Similarweb API data pipeline| Airflow & Cost reduction

The documentation of similarweb api is available here:

API integration documentation.

Sample api call for Desktop visits, Notice domain, key,start, end,country, granularity. This returns the average page views per desktop visit for the given domain & country.

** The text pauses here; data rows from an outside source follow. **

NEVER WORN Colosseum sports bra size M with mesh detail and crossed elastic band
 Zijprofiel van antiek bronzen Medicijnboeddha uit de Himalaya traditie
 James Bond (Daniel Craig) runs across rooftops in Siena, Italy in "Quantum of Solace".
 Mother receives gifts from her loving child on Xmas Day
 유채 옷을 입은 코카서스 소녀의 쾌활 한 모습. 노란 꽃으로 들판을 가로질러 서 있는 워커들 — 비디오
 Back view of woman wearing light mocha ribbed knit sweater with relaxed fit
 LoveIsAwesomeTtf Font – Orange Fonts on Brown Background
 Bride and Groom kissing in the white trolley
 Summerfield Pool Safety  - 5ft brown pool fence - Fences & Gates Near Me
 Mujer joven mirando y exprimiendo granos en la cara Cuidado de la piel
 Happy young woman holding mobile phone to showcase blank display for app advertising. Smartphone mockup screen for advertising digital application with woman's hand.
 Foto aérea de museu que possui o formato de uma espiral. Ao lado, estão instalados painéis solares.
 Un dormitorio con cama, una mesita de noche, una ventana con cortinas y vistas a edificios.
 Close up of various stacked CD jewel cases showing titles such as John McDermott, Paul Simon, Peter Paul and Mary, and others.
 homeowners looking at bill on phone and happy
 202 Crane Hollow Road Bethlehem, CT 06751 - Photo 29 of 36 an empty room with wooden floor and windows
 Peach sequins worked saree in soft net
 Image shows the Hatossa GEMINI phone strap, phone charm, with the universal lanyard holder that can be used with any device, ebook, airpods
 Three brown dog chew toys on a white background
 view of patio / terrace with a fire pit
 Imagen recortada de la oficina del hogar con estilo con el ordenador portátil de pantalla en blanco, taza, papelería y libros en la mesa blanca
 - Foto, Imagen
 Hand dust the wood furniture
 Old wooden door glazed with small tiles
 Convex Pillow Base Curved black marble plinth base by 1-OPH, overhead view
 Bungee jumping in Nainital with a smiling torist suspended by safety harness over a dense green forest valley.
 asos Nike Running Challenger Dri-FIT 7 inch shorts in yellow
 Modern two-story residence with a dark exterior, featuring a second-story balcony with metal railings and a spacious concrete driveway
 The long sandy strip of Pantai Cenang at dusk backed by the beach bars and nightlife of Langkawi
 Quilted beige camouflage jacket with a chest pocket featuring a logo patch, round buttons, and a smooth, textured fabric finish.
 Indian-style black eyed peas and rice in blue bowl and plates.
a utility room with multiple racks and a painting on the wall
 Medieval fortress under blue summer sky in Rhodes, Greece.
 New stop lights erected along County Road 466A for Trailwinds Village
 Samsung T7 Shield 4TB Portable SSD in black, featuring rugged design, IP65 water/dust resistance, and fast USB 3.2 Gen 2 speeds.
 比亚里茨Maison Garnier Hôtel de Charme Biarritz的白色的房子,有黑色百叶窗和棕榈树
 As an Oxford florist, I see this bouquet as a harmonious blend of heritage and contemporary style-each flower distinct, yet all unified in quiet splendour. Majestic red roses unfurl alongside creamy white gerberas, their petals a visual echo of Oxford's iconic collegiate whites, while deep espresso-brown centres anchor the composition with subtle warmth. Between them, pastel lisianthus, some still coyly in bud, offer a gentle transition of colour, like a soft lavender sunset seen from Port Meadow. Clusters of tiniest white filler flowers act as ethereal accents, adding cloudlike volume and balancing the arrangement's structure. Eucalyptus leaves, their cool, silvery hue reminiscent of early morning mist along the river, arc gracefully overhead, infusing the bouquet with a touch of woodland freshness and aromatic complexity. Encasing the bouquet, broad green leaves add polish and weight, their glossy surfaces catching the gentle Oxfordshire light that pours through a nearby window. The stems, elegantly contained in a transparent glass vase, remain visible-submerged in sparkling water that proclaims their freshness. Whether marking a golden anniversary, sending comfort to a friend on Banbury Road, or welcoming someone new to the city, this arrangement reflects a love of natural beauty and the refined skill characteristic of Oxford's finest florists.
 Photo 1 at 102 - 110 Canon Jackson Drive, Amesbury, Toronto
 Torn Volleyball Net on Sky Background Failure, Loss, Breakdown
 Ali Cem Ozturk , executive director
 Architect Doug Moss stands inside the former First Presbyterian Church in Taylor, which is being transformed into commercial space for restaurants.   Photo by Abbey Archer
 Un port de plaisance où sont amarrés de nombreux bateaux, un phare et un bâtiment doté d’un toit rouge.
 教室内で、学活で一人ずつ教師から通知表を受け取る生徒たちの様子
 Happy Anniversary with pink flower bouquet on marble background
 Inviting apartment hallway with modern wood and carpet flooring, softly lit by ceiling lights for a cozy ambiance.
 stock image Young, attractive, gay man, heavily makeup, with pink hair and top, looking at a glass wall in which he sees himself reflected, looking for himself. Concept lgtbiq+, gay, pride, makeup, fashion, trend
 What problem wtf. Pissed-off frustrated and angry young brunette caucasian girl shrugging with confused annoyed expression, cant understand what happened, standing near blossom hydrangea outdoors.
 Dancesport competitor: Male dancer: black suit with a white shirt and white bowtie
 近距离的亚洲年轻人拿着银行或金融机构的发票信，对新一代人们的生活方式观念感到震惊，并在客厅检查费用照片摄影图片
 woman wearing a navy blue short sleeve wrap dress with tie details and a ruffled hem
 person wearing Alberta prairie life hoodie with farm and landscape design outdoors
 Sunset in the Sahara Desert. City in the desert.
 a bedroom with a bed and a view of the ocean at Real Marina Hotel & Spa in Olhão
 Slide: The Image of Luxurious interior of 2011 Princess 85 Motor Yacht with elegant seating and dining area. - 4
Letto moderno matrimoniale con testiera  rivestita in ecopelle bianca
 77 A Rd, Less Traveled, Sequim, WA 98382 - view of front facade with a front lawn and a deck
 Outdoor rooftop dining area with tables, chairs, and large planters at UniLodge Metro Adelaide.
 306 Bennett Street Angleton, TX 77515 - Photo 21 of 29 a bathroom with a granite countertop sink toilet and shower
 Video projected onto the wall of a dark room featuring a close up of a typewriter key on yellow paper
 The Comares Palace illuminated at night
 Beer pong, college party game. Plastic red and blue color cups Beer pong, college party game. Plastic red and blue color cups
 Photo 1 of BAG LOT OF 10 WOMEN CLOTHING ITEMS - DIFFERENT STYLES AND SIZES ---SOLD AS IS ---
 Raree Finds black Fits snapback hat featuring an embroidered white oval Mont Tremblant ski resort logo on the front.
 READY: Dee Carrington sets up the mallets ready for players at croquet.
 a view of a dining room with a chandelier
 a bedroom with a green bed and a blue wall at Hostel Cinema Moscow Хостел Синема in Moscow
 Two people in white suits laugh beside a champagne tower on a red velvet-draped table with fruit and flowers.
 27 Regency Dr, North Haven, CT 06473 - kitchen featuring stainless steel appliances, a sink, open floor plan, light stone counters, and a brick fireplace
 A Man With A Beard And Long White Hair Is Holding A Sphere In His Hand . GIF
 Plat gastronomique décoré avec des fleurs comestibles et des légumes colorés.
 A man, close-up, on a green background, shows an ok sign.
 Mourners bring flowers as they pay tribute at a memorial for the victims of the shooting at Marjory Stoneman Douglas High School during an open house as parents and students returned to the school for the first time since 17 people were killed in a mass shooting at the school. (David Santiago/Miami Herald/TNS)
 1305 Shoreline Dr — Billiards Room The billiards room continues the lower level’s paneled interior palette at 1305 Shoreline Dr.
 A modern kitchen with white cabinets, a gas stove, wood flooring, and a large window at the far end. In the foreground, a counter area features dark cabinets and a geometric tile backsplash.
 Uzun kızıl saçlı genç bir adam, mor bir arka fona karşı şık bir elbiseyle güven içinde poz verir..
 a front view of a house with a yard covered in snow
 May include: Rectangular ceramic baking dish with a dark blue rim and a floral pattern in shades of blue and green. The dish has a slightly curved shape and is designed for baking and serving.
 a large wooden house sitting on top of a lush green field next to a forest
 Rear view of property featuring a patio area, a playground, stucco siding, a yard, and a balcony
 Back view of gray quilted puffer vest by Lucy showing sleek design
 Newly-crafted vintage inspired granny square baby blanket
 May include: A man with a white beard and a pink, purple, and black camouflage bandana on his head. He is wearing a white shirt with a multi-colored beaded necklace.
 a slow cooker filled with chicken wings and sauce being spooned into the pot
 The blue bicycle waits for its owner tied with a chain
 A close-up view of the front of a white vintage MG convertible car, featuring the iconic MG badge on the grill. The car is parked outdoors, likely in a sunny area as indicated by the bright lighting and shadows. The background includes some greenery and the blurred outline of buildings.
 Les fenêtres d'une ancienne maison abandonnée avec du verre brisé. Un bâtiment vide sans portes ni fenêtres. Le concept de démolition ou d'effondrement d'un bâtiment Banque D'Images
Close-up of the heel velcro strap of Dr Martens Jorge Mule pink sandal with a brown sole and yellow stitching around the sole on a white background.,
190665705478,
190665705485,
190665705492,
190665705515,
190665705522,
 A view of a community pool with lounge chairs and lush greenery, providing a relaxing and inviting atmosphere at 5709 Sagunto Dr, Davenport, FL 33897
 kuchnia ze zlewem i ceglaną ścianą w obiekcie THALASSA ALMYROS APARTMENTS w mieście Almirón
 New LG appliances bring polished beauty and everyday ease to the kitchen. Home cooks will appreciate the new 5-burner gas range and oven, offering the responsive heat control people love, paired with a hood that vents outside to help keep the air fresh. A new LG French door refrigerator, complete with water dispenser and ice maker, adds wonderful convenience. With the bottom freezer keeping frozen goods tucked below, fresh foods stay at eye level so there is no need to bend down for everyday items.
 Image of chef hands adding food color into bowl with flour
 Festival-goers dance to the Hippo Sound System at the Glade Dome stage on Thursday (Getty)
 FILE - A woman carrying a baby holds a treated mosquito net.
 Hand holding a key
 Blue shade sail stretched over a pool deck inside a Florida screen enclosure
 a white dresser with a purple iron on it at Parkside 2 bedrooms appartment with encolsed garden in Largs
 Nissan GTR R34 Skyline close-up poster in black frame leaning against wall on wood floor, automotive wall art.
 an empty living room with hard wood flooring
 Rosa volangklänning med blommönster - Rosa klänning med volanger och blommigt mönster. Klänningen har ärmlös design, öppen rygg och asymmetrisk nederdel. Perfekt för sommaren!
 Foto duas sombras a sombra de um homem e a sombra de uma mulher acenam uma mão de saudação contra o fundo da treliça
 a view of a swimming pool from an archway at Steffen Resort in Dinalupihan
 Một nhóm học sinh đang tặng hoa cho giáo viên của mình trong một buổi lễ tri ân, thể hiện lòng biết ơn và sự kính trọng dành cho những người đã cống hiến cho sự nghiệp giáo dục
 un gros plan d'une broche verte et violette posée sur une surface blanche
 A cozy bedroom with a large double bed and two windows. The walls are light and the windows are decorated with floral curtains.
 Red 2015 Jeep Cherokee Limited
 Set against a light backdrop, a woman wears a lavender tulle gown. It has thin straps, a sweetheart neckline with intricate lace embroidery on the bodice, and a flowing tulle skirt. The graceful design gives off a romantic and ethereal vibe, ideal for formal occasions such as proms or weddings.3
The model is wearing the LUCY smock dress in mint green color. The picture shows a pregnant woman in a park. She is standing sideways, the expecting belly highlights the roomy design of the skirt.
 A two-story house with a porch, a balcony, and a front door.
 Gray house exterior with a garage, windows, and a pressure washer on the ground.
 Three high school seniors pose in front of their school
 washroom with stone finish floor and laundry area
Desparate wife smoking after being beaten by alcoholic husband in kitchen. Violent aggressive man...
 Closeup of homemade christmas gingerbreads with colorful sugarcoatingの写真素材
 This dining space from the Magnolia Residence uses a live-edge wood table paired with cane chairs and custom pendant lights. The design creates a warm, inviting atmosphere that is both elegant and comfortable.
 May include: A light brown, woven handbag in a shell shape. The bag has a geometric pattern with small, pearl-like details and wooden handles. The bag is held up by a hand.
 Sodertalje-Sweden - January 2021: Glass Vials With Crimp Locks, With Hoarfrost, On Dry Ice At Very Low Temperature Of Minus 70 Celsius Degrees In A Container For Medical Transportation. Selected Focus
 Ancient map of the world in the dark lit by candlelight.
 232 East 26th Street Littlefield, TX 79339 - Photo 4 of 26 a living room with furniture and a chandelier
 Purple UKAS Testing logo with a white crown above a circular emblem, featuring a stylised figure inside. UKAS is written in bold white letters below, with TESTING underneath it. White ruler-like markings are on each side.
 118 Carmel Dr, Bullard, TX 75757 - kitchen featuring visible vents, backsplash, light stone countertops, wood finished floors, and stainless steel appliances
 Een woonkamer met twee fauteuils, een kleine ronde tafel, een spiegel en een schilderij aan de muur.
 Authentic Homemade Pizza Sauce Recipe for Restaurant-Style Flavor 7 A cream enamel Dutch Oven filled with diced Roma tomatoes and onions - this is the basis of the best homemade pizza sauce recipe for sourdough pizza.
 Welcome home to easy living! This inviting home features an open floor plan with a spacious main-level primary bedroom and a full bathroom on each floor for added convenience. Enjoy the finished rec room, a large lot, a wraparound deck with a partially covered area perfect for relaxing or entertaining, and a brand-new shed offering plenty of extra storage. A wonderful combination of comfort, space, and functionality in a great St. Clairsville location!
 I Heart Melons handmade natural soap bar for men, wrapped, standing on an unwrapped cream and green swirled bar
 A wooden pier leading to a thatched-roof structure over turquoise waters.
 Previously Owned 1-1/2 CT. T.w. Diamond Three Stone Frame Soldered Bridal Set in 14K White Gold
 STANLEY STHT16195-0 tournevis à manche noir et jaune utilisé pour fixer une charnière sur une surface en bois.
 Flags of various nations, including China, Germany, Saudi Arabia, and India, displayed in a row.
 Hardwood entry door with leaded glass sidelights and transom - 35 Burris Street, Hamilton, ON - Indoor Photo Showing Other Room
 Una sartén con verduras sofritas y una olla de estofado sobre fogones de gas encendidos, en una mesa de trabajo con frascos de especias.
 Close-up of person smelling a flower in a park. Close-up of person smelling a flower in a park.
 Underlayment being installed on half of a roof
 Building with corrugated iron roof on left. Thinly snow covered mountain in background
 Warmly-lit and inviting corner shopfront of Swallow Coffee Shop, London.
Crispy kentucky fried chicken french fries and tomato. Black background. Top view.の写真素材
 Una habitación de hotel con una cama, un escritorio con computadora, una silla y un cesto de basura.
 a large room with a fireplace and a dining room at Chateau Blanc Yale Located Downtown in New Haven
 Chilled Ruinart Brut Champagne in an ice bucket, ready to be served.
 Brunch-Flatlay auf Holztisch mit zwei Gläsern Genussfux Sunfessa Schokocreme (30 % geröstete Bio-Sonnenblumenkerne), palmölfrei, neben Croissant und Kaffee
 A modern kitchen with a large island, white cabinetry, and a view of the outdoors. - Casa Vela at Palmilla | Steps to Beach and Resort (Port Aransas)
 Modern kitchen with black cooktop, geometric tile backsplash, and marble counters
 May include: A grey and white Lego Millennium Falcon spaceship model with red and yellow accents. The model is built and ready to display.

curl --location --request GET 'https://api.similarweb.com/v1/website/bbc.com/traffic-and-engagement/visits?api_key={{similarweb_api_key}}&start_date=2017-11&end_date=2018-01&country=gb&granularity=monthly&main_domain_only=false&format=json'

for investing (notice the max date range is 2 months back, this blog was written in 2020-01, so 2019-11 is latest):

curl –location –request GET ‘https://api.similarweb.com/v1/website/investing.com/traffic-and-engagement/visits?api_key={{similarweb_api_key}}&start_date=2019-11&end_date=2019-11&country=gb&granularity=monthly&main_domain_only=false&format=json’

so….

What we need is

  1. list of domains , country codes, dates,API’s
  2. airflow script to run in loop over all the possible permutations of API calls
  3. List of competitors to compare traffic.

The challenges with this specific airflow DAG for this job are

  1. using dynamic operators – controlling how many iterations will be used in parallel by using dynamic task id’s.
  2. continuing after the loop of airflow operators by controlling the downstream order of execution. e.g inside loop: start.set_downstream(bash_*)
  3. the amount of Operators in this current DAG is a bit big. Try to consider what should be the trigger for the load_to_bg_GET_DESKTOP_TRAFFIC , perhaps one_success? (assume something will fail in the api calls). A trigger_conditional example is committed in out git:
  4. Consider moving bash_gsutil_mv_files_to_ingestion further downstream to cut the amount of operators by half. I left it there simply b/c I wanted to test behaviour of airflow using 2 operators in the same loop.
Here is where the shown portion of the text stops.